__YOUR GOAL__
Below are the entries; transcribe them exactly and drop every picture.

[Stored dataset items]
........

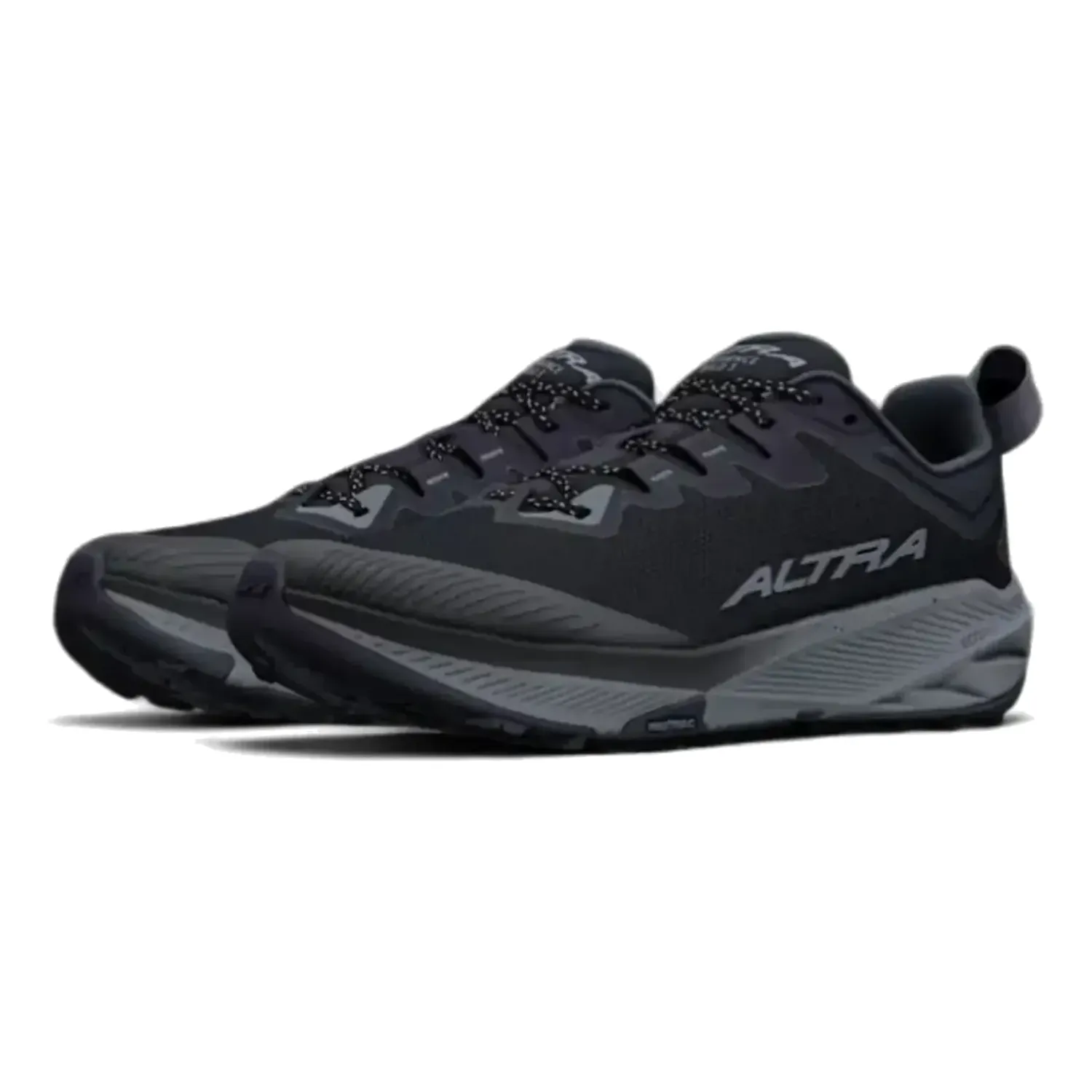 Altra Men's Experience Wild 3 in Black / Black, alternate view 3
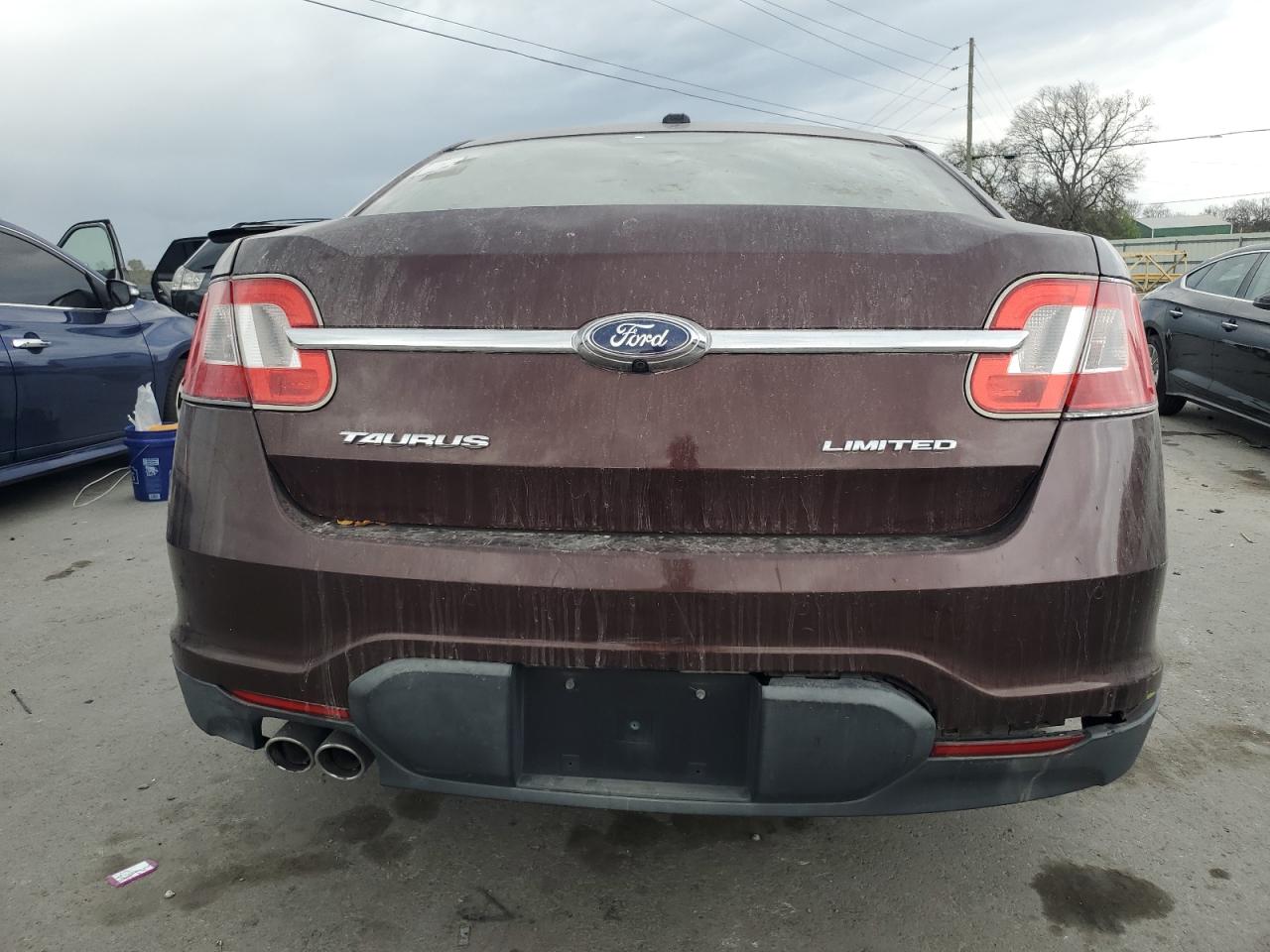 2010 Ford Taurus Limited VIN: 1FAHP2FW3AG142217 Lot: 78988984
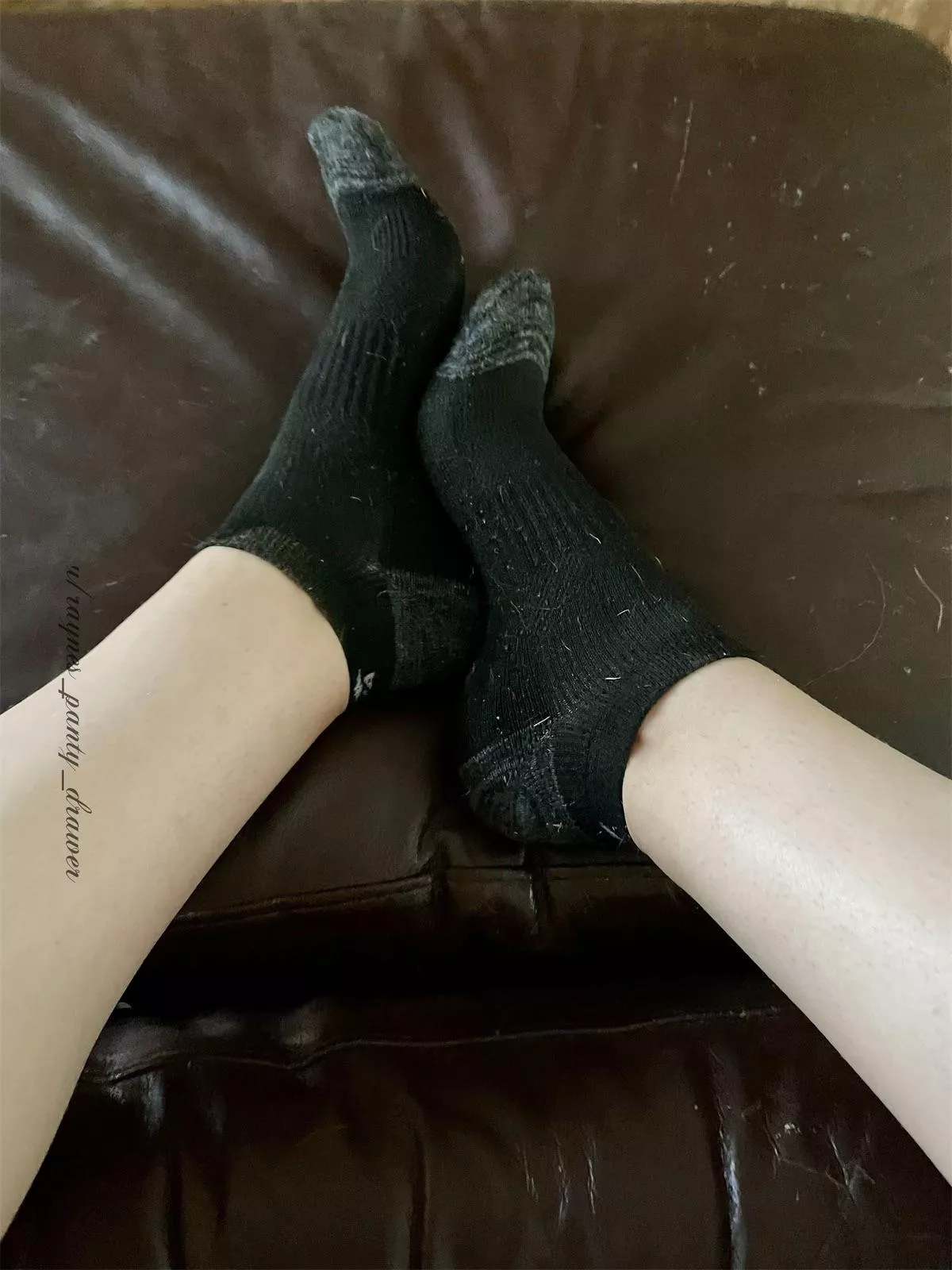 [Selling] Day two for this pair, and they are sweaty! Getting close to the triple digits here and I’ve worn them for some tough outdoor work. Check my drawers for other brightly colored pairs!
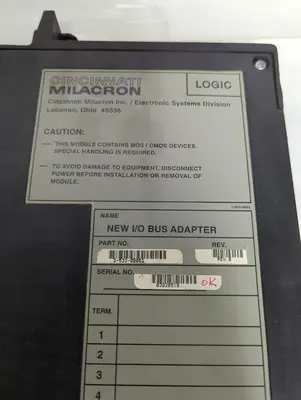 Used MILACRON 3-533-0905G Industrial Controls Ohio US | Surplus Asset Holdings #1399612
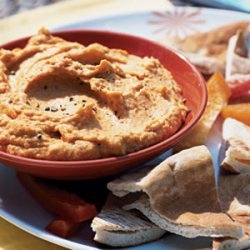 Red Pepper Hummus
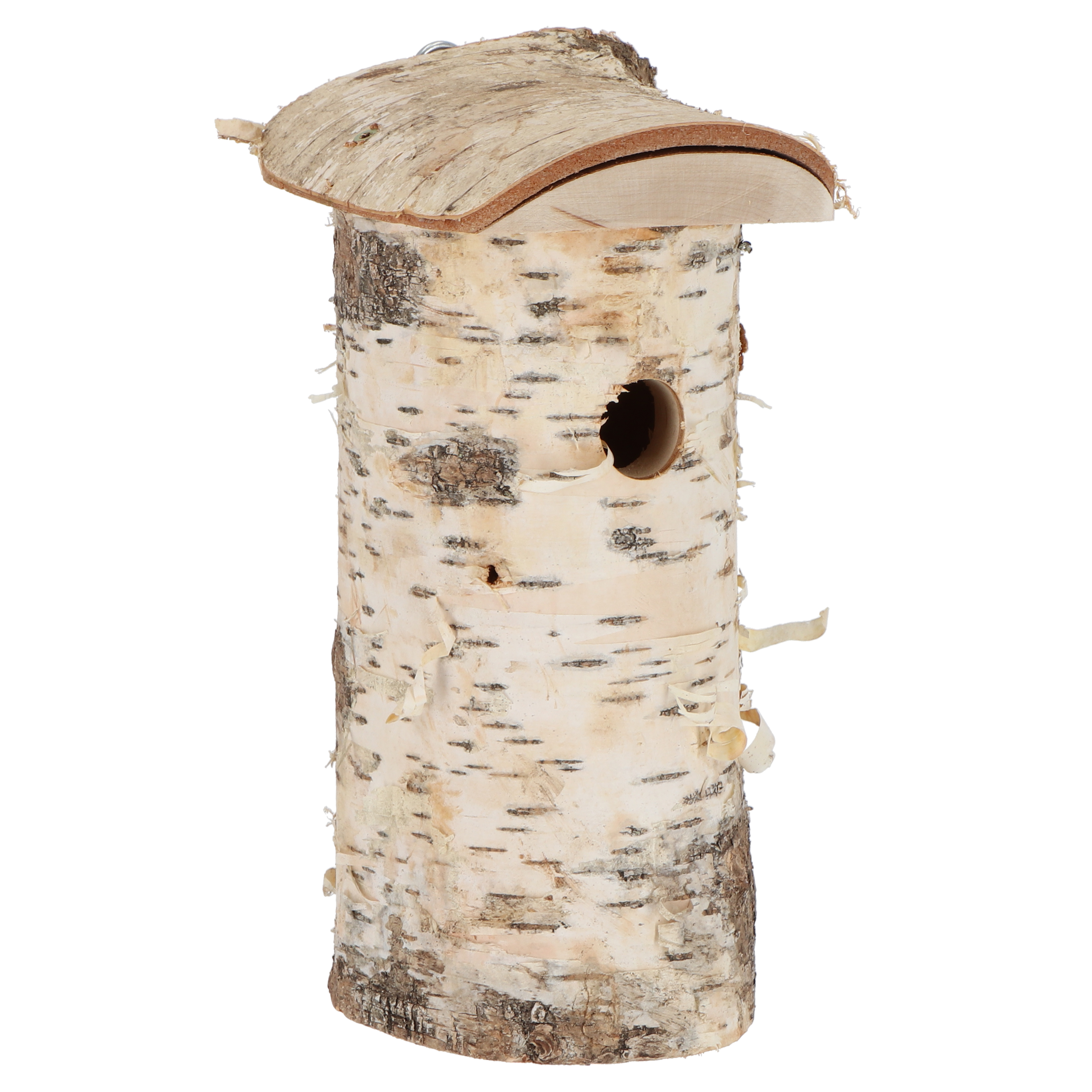 Nestkast Berken Koolmees 13.4x16.9x30.5 cm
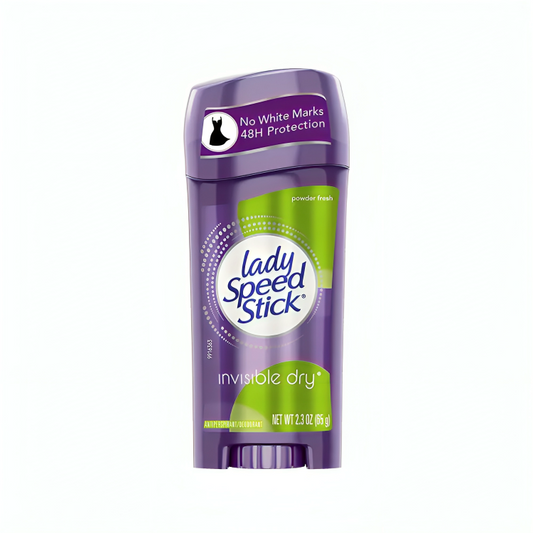 Lady Speed Stick Invisible Dry Powder Fresh Antiperspirant Deodorant,65g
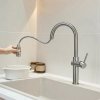 KITCHEN FAUCET REA FRESH HIGH BRUSH NICKEL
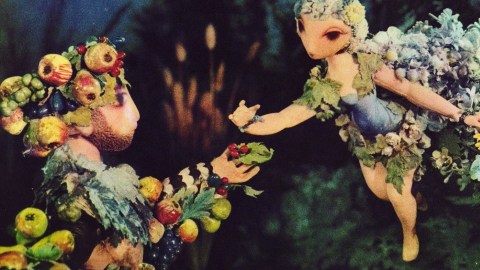 Záběr z filmu Sen noci svatojánské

........

__SOLUTION BELOW__
 Altra Men's Experience Wild 3 in Black / Black, alternate view 3
 2010 Ford Taurus Limited VIN: 1FAHP2FW3AG142217 Lot: 78988984
 [Selling] Day two for this pair, and they are sweaty! Getting close to the triple digits here and I’ve worn them for some tough outdoor work. Check my drawers for other brightly colored pairs!
 Used MILACRON 3-533-0905G Industrial Controls Ohio US | Surplus Asset Holdings #1399612
 Red Pepper Hummus
 Nestkast Berken Koolmees 13.4x16.9x30.5 cm
 Lady Speed Stick Invisible Dry Powder Fresh Antiperspirant Deodorant,65g
 KITCHEN FAUCET REA FRESH HIGH BRUSH NICKEL
 Záběr z filmu Sen noci svatojánské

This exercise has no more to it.